### Exercise directions
Your reply should be the records below, duplicated exactly, with any picture removed.

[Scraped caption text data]
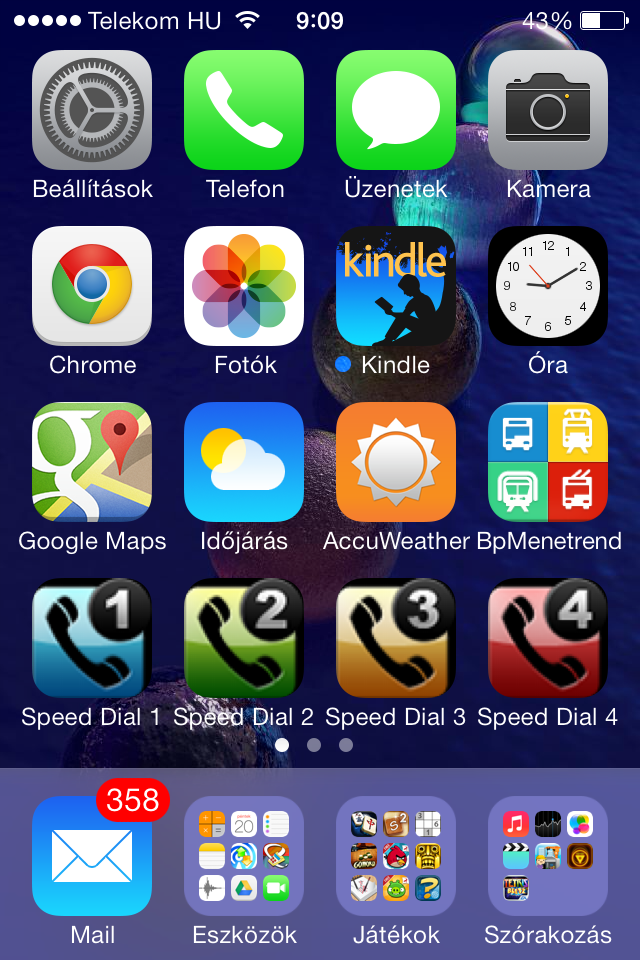 iOS 7 főképernyő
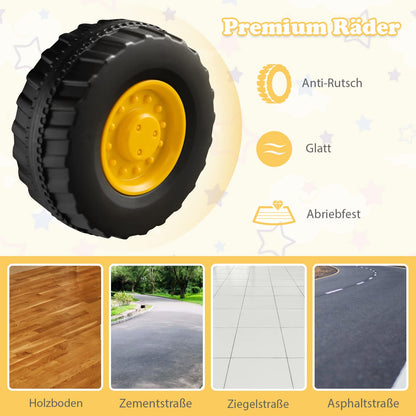 COSTWAY Kinder Sitzbagger – Drehbare Schaufel, Stauraum, ab 1 Jahr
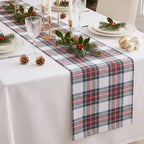 HunnmingRe 1 Pcs White Christmas Tartan Plaid Table Runner 13 x 72 by HunnmingRe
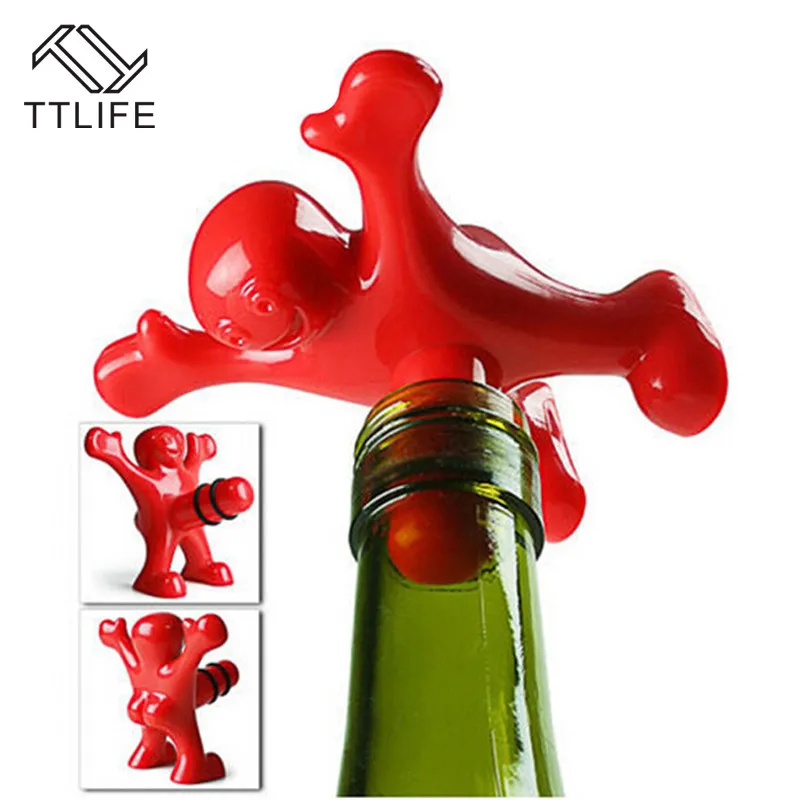 

TTLIFE Bar Tools Happy Man Beer Soda Novelty Bottle Stopper Wine Cork Plug Bottle Cap Cover Creative Kitchen Bar Tools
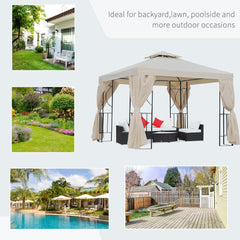 10' x 10' Patio Gazebo Outdoor, Canopy Shelter with Double-tier Roof, Pavilion Sidewalls for Garden Events, Brown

### Your response
 iOS 7 főképernyő
 COSTWAY Kinder Sitzbagger – Drehbare Schaufel, Stauraum, ab 1 Jahr
 HunnmingRe 1 Pcs White Christmas Tartan Plaid Table Runner 13 x 72 by HunnmingRe

TTLIFE Bar Tools Happy Man Beer Soda Novelty Bottle Stopper Wine Cork Plug Bottle Cap Cover Creative Kitchen Bar Tools
 10' x 10' Patio Gazebo Outdoor, Canopy Shelter with Double-tier Roof, Pavilion Sidewalls for Garden Events, Brown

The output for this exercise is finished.